* TASK ITEM: Retype exactly the span of lines below from the one with "پنکه دیواری تلیونیکس مدل TWF2202" through the one with "Volantino DOK del". Do not include pictures.

* MATERIAL PROVIDED:
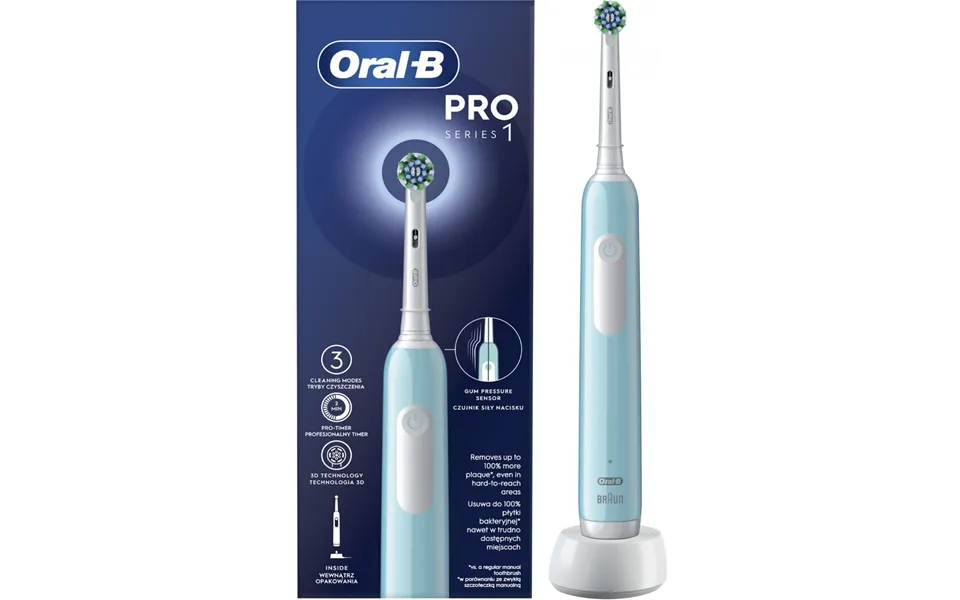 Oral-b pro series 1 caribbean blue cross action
--
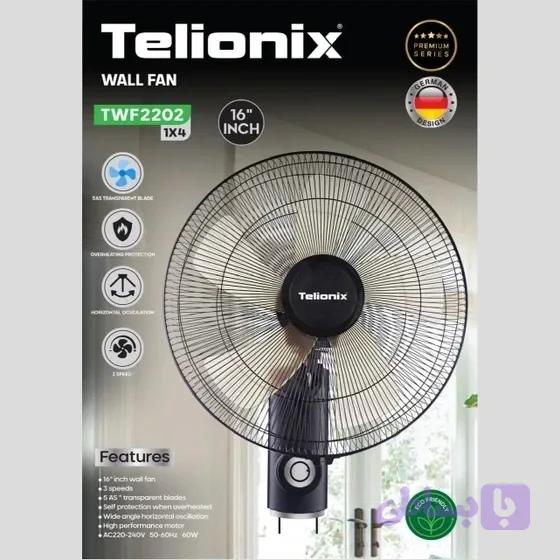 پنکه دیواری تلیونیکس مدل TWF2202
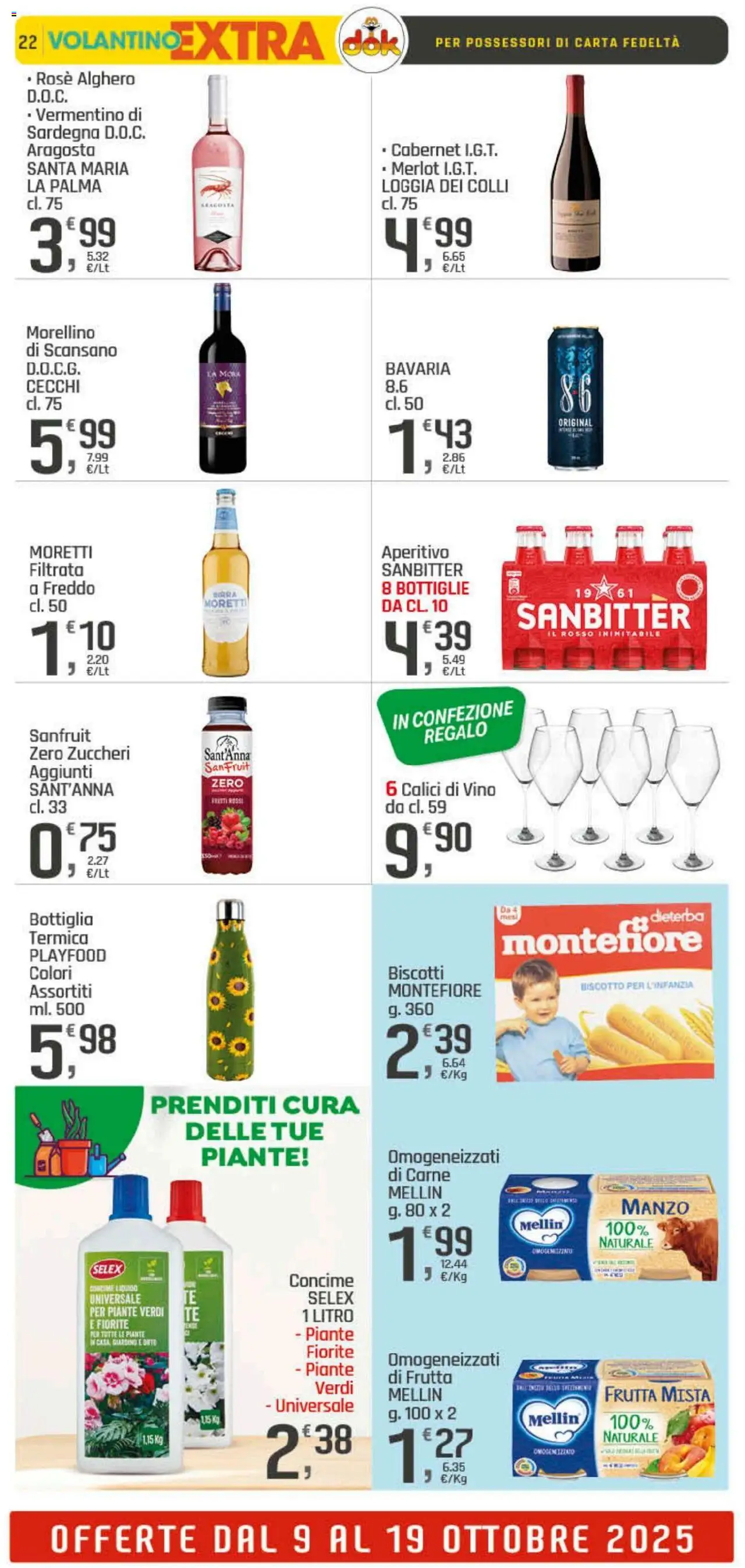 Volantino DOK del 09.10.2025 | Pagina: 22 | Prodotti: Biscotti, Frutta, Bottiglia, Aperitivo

* TASK RESULT:
 پنکه دیواری تلیونیکس مدل TWF2202
 Volantino DOK del 09.10.2025 | Pagina: 22 | Prodotti: Biscotti, Frutta, Bottiglia, Aperitivo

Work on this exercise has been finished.